= Task prompt =
Leave every picture out and return the rest of the listing verbatim.

= Given material =
======
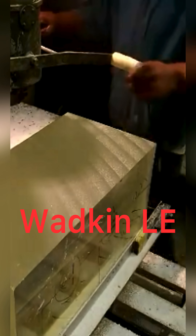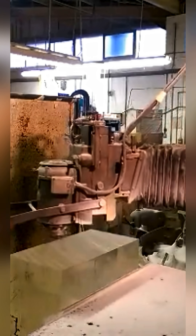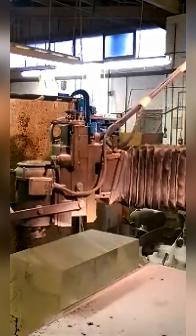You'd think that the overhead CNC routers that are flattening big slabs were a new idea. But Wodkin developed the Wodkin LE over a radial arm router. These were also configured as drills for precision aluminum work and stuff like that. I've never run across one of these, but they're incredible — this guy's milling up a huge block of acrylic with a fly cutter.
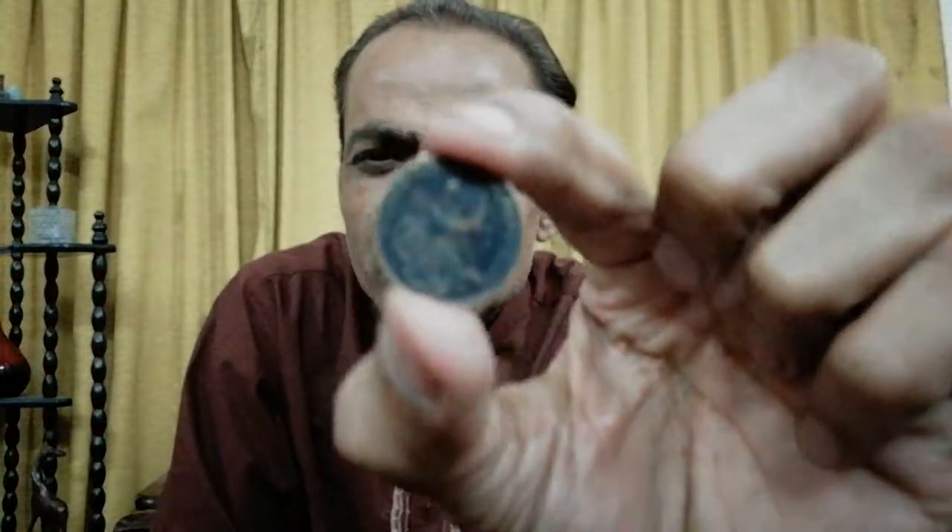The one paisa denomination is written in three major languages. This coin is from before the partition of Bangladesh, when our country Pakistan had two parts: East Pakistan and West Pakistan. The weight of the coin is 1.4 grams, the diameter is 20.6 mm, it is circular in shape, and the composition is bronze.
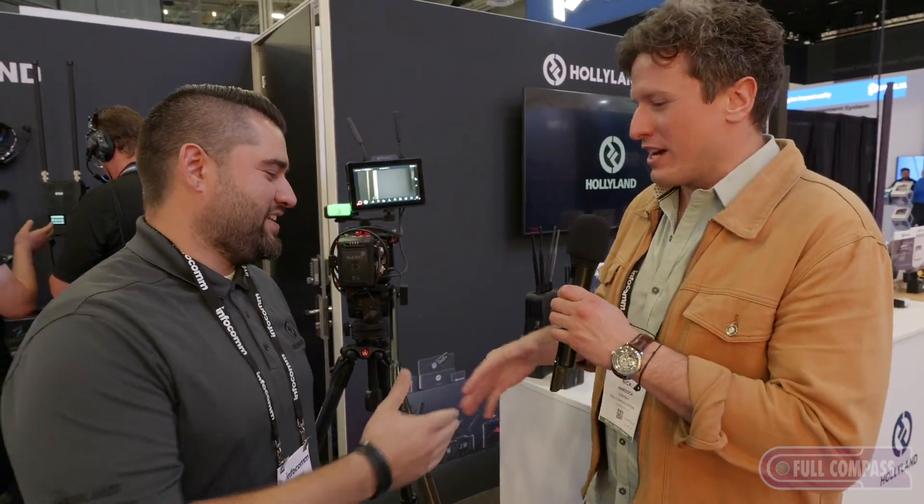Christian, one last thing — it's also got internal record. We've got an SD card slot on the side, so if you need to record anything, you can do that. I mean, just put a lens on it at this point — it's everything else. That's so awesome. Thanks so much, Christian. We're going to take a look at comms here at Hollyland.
======
= Response to this task =
You'd think that the overhead CNC routers that are flattening big slabs were a new idea. But Wodkin developed the Wodkin LE over a radial arm router. These were also configured as drills for precision aluminum work and stuff like that. I've never run across one of these, but they're incredible — this guy's milling up a huge block of acrylic with a fly cutter.
The one paisa denomination is written in three major languages. This coin is from before the partition of Bangladesh, when our country Pakistan had two parts: East Pakistan and West Pakistan. The weight of the coin is 1.4 grams, the diameter is 20.6 mm, it is circular in shape, and the composition is bronze.
Christian, one last thing — it's also got internal record. We've got an SD card slot on the side, so if you need to record anything, you can do that. I mean, just put a lens on it at this point — it's everything else. That's so awesome. Thanks so much, Christian. We're going to take a look at comms here at Hollyland.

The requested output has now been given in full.